-------- Data section

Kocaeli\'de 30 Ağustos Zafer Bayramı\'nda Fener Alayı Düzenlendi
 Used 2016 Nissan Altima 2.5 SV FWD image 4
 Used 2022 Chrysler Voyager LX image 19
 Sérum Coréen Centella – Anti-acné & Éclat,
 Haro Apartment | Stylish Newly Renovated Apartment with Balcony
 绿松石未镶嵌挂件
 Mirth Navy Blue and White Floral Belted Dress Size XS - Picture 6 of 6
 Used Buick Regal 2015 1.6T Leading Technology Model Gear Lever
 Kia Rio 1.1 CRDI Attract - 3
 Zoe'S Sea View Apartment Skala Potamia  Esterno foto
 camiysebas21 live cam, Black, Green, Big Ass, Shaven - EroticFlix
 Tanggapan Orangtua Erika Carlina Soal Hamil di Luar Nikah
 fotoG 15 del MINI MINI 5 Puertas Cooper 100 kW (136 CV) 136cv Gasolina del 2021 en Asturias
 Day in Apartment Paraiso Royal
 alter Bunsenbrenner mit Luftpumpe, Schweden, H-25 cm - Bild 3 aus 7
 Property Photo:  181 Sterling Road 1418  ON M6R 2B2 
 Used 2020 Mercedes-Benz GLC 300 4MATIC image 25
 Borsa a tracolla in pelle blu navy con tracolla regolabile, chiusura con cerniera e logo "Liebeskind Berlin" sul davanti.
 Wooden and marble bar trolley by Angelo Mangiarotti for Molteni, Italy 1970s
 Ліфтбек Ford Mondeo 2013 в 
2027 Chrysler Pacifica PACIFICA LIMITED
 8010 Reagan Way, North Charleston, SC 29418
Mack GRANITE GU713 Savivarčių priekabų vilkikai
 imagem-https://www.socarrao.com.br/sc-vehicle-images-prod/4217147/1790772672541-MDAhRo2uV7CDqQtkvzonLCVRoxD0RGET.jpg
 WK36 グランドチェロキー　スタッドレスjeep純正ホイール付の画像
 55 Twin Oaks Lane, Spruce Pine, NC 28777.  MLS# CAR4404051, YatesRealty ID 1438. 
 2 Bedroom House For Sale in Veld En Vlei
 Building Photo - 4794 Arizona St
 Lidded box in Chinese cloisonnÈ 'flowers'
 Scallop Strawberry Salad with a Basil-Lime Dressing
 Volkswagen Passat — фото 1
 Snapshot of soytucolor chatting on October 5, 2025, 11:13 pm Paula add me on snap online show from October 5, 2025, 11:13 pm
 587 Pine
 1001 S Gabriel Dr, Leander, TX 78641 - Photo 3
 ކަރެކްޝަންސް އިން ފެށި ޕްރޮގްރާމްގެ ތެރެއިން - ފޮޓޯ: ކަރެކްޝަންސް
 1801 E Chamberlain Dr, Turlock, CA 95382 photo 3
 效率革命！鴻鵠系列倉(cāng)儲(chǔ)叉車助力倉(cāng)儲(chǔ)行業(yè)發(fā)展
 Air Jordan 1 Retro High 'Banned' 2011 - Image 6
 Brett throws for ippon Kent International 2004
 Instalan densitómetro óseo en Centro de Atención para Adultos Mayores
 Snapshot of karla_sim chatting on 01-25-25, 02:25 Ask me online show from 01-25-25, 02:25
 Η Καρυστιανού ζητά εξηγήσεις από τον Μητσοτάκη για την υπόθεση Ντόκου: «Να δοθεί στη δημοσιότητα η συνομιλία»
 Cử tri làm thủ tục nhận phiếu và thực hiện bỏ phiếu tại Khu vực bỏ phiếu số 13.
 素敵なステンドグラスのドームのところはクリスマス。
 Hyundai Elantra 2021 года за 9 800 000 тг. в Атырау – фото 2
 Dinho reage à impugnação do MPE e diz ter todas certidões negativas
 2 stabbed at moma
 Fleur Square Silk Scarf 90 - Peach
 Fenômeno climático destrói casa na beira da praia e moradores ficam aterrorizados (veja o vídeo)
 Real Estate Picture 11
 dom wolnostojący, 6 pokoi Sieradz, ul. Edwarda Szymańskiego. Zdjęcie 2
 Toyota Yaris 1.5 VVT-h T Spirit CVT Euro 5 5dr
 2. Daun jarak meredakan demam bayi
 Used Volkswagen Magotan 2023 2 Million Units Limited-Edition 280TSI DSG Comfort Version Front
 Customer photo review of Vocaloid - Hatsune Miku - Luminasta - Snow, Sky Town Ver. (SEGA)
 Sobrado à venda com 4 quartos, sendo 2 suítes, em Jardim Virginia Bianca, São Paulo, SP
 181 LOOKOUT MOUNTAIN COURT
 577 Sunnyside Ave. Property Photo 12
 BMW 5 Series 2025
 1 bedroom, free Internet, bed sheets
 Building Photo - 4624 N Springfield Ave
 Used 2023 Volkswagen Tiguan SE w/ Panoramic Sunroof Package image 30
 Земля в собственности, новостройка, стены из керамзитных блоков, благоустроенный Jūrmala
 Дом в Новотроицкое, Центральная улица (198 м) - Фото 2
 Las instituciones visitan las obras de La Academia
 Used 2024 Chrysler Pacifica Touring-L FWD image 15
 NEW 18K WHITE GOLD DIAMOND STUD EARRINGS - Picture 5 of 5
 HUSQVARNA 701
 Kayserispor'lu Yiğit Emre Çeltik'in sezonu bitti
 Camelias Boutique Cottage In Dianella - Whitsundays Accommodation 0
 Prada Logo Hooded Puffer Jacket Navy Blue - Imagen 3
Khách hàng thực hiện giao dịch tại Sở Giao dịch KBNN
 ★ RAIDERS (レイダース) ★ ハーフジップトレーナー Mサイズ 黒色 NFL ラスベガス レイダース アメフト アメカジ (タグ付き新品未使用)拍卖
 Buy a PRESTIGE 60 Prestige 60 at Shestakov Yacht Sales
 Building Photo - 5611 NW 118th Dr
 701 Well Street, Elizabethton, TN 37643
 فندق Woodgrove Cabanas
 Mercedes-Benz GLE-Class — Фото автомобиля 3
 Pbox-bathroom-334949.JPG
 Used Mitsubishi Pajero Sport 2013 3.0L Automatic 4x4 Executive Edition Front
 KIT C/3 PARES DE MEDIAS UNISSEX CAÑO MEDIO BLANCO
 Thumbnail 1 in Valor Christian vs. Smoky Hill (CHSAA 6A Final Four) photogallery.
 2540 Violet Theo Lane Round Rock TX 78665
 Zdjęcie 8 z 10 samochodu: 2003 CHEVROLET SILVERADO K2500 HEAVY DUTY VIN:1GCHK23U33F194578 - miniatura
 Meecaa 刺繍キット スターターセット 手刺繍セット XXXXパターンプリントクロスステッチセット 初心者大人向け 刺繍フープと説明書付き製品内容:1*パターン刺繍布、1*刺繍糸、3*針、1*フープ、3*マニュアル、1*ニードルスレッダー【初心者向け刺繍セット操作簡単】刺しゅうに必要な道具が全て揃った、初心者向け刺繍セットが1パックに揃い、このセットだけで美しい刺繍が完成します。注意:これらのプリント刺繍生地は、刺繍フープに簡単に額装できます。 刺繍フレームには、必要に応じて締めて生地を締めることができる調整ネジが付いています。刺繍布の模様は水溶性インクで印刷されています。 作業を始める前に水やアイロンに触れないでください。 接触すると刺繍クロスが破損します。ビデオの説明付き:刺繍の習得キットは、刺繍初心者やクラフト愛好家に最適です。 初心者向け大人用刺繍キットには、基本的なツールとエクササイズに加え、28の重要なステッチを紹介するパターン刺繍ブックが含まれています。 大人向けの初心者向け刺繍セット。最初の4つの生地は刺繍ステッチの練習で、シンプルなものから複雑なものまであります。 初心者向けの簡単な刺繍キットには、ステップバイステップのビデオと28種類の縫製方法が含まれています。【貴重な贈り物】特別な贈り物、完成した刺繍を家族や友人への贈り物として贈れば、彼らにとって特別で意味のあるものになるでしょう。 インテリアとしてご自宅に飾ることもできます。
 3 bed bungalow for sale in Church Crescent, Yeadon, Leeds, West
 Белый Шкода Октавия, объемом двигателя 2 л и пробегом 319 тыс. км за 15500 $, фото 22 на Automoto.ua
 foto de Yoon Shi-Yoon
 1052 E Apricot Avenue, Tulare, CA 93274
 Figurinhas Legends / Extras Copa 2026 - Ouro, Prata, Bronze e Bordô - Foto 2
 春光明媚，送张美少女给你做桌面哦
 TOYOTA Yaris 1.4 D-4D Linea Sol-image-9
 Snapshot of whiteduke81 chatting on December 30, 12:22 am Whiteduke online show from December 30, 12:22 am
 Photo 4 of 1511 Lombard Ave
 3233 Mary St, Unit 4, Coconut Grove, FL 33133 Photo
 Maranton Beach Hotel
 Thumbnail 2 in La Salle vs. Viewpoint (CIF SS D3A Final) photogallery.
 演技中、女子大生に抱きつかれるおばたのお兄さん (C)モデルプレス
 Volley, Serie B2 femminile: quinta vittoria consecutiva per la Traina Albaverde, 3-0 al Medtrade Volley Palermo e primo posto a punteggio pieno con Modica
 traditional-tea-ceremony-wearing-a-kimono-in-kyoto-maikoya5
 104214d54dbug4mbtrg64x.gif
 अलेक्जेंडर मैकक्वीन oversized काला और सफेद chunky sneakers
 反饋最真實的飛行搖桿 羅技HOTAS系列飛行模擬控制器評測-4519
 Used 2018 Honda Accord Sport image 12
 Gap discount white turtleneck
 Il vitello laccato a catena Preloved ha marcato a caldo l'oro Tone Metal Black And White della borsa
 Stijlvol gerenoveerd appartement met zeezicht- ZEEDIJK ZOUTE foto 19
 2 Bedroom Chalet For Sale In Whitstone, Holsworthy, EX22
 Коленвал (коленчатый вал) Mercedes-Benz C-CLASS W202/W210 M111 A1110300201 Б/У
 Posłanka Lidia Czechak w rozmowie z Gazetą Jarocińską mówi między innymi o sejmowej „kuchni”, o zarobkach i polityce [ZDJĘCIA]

----------------

Retype the records above, but only those lines that fall between the line containing "2 Bedroom House For Sale in Veld En Vlei" and the line containing "Volkswagen Passat — фото 1", with both of those lines included, exactly as written.

 2 Bedroom House For Sale in Veld En Vlei
 Building Photo - 4794 Arizona St
 Lidded box in Chinese cloisonnÈ 'flowers'
 Scallop Strawberry Salad with a Basil-Lime Dressing
 Volkswagen Passat — фото 1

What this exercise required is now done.